To explain some of the additional parts this query contains:
Lines 3 and 4 contain what is called a ‘join’. This happens because they both use the variable ?s. What this means is that results must have both a type of skos:Concept and a preferred label - skos:prefLabel is the property for that.
Generally the lines with variables form one of a few patterns, e.g. variable name -> property -> variable name, or variable name -> property -> value.
The FILTER line is saying ‘filter labels to only those that have a language code of ‘en’.
The ORDER BY line is saying order by the values in the ?label variable (i.e. order preferred labels)
One of the issues with the last query is that it will return concepts from all taxonomies (concept schemes). Most of the time we probably want to narrow it down to a single taxonomy. So let’s do that with the next query.
PREFIX skos: <http://www.w3.org/2004/02/skos/core#> SELECT * WHERE { ?s a skos:Concept . ?s skos:inScheme <http://skos.um.es/unescothes/CS000> . ?s skos:prefLabel ?label . FILTER (LANG(?label) = 'en') } ORDER BY ?label LIMIT 10
In the above query we have added another ‘graph pattern’. This introduces another useful property - skos:inScheme - which every concept that belongs to a taxonomy will have. In this example our query uses the UNESCO thesaurus. The bold text is the IRI of the UNESCO thesaurus. The IRI of a taxonomy is the identifier for it. It is also the IRI you enter when creating a taxonomy in Graphologi and can be found on the details screen, as shown below.

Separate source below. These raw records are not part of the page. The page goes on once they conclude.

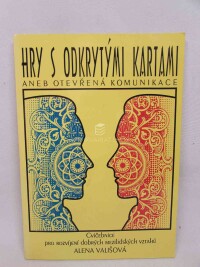 Vališová, Alena, Hry s odkrytými kartami aneb Otevřená komunikace, 1996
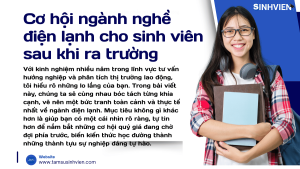 Cơ hội ngành nghề điện lạnh cho sinh viên sau khi ra trường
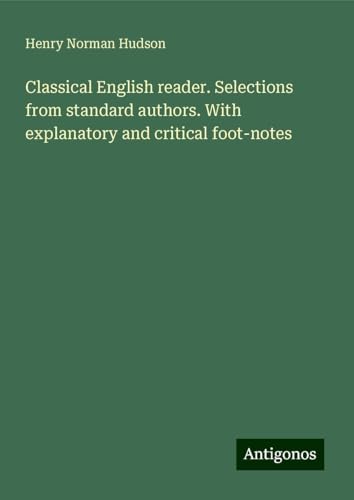 Classical English reader. Selections from standard authors. With explanatory and critical foot-notes von Antigonos Verlag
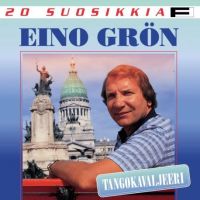 Eino Grön - Tangokavaljeeri 20 Suosikkia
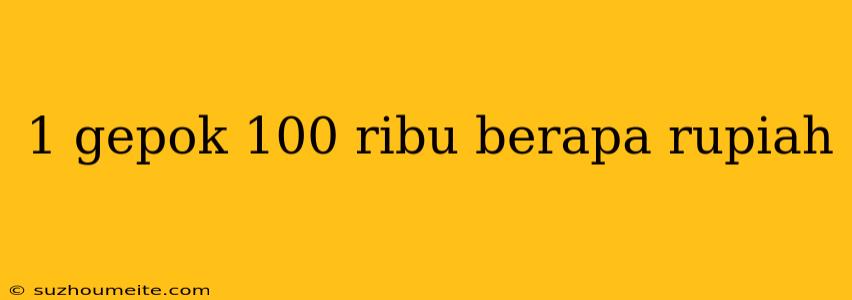 1 Gepok 100 Ribu Berapa Rupiah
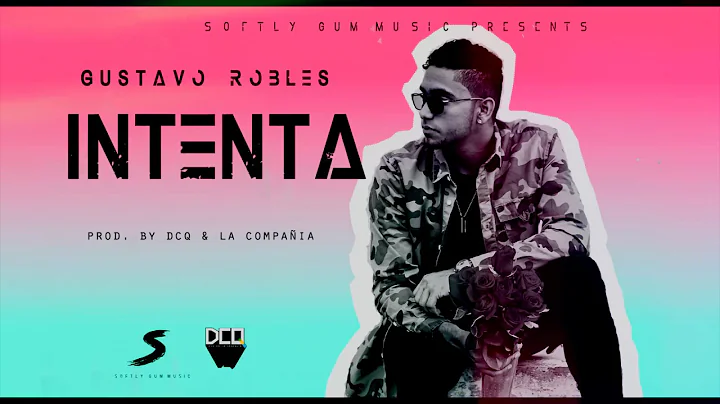 Gustavo Robles  - Intenta (Official Audio) Prod. B...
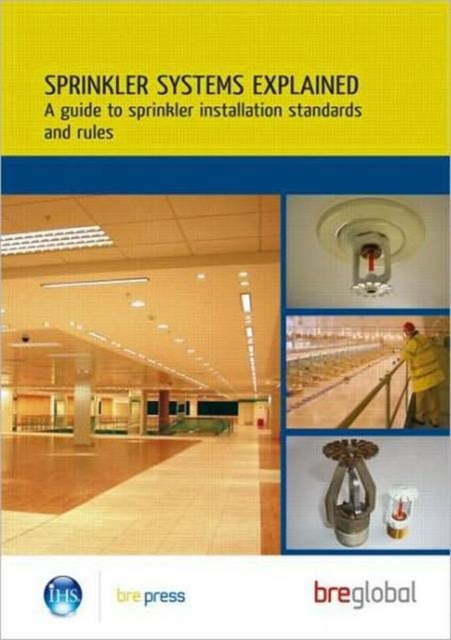 Sprinkler Systems Explained : A Guide to Sprinkler Installation Standards and Rules (BR 503), Paperback / softback Book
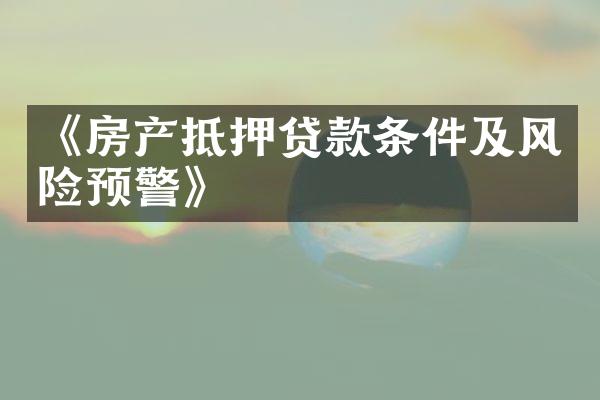 《房产抵押贷款条件及风险预警》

If you’re wondering why skos:inScheme, then the reason for that is that, in SKOS, there is a thing called a ‘concept scheme’, which is the technical name for what we call a taxonomy. Concept schemes have a type similar to that which we used for our concepts, but for concept schemes it is skos:ConceptScheme.
If you want to retrieve all the taxonomies in a project in Graphologi you need a query similar to the following:
PREFIX dct: <http://purl.org/dc/terms/> PREFIX skos: <http://www.w3.org/2004/02/skos/core#> SELECT * WHERE { ?s a skos:ConceptScheme . ?s dct:title ?title . } ORDER BY ?title LIMIT 10
In the above we have a new prefix, whilst line 4 contains the pattern looking for concept schemes and line 5 uses a new property - dct:title - which, in Graphologi, is the property that all taxonomies with title use. The dct namespace is Dublin Core Terms - a very widely used metadata model.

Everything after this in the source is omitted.